Problem to solve | Beginning with the line that contains "Vogelvoederhuisje met sterke" in the material below, print each line exactly until the line that contains "Puede incluir: Un" has been printed, then stop.

** Opening Study material block **

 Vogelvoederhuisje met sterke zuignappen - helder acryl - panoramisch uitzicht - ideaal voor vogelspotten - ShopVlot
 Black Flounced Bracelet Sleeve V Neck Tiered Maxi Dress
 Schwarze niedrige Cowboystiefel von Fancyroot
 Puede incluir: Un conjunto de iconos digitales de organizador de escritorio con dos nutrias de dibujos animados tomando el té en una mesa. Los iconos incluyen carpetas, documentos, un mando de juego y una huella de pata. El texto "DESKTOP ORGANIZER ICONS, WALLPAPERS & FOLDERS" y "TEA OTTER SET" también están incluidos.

** Closing Study material block **
** Opening Study material block **

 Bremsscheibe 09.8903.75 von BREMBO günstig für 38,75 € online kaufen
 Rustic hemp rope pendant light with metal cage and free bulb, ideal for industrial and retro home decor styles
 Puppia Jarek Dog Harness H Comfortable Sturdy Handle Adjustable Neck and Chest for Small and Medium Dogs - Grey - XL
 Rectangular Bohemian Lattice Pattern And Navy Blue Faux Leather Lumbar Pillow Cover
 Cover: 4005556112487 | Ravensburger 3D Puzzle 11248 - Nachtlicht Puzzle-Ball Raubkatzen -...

** Closing Study material block **

Result of this exercise |
 Vogelvoederhuisje met sterke zuignappen - helder acryl - panoramisch uitzicht - ideaal voor vogelspotten - ShopVlot
 Black Flounced Bracelet Sleeve V Neck Tiered Maxi Dress
 Schwarze niedrige Cowboystiefel von Fancyroot
 Puede incluir: Un conjunto de iconos digitales de organizador de escritorio con dos nutrias de dibujos animados tomando el té en una mesa. Los iconos incluyen carpetas, documentos, un mando de juego y una huella de pata. El texto "DESKTOP ORGANIZER ICONS, WALLPAPERS & FOLDERS" y "TEA OTTER SET" también están incluidos.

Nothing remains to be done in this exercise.